_DATA BELOW_

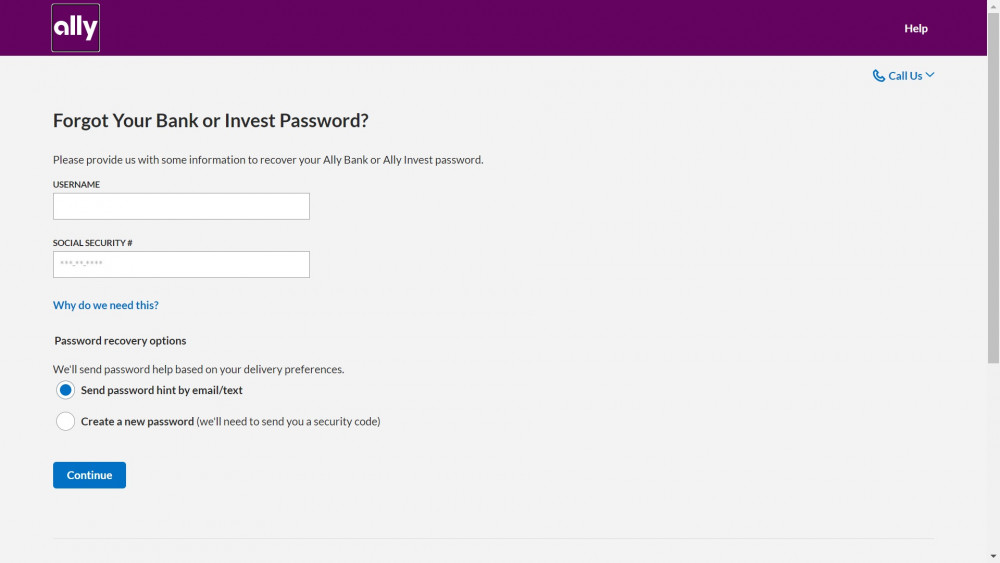 Forgot Ally Bank or Invest Password page
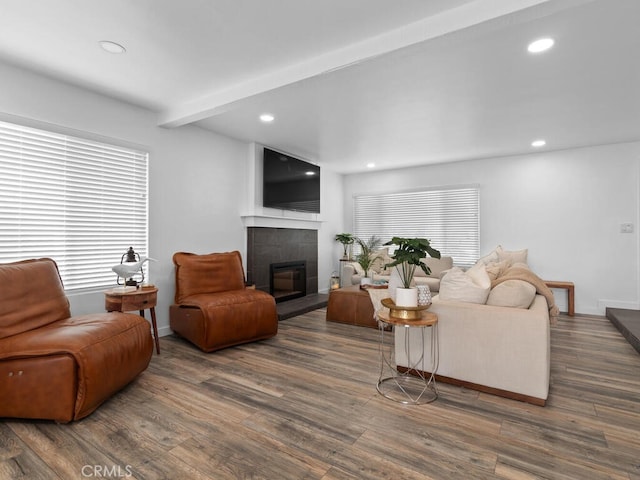 1914 Radford St, Oceanside, CA 92056 - living room with a fireplace, healthy amount of natural light, wood finished floors, and recessed lighting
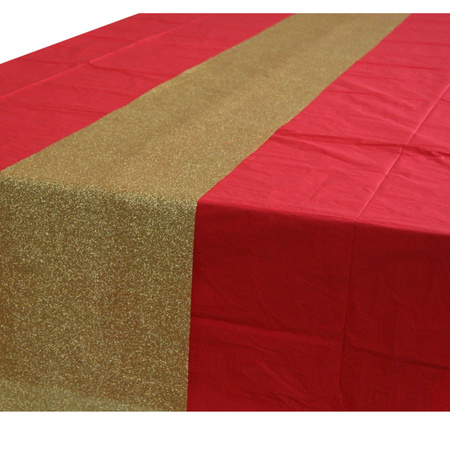 Rood tafelkleed 274 x 137 cm met gouden tafelloper met glitters voor de kersttafel
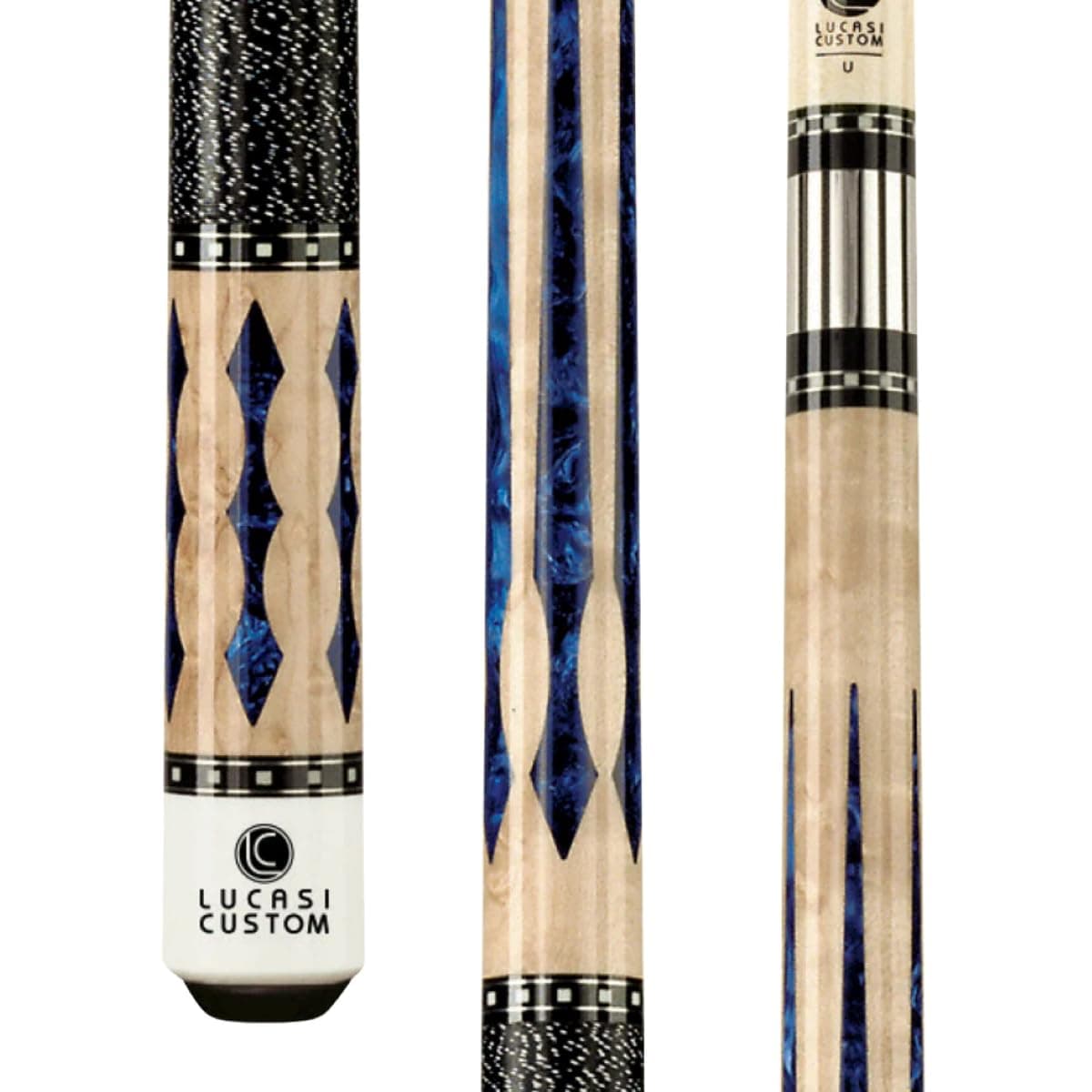 Lucasi Custom LZ2004NB Birds-Eye Maple con incrustaciones Blue Luster, 58" 18 oz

_TASK OBJECTIVE_
Repeat only the lines from the one with "1914 Radford St, Oceanside, CA" through the end of the data, both included and exactly as written. Pictures stay out of the copy.

_SOLUTION TO THIS PROBLEM_
 1914 Radford St, Oceanside, CA 92056 - living room with a fireplace, healthy amount of natural light, wood finished floors, and recessed lighting
 Rood tafelkleed 274 x 137 cm met gouden tafelloper met glitters voor de kersttafel
 Lucasi Custom LZ2004NB Birds-Eye Maple con incrustaciones Blue Luster, 58" 18 oz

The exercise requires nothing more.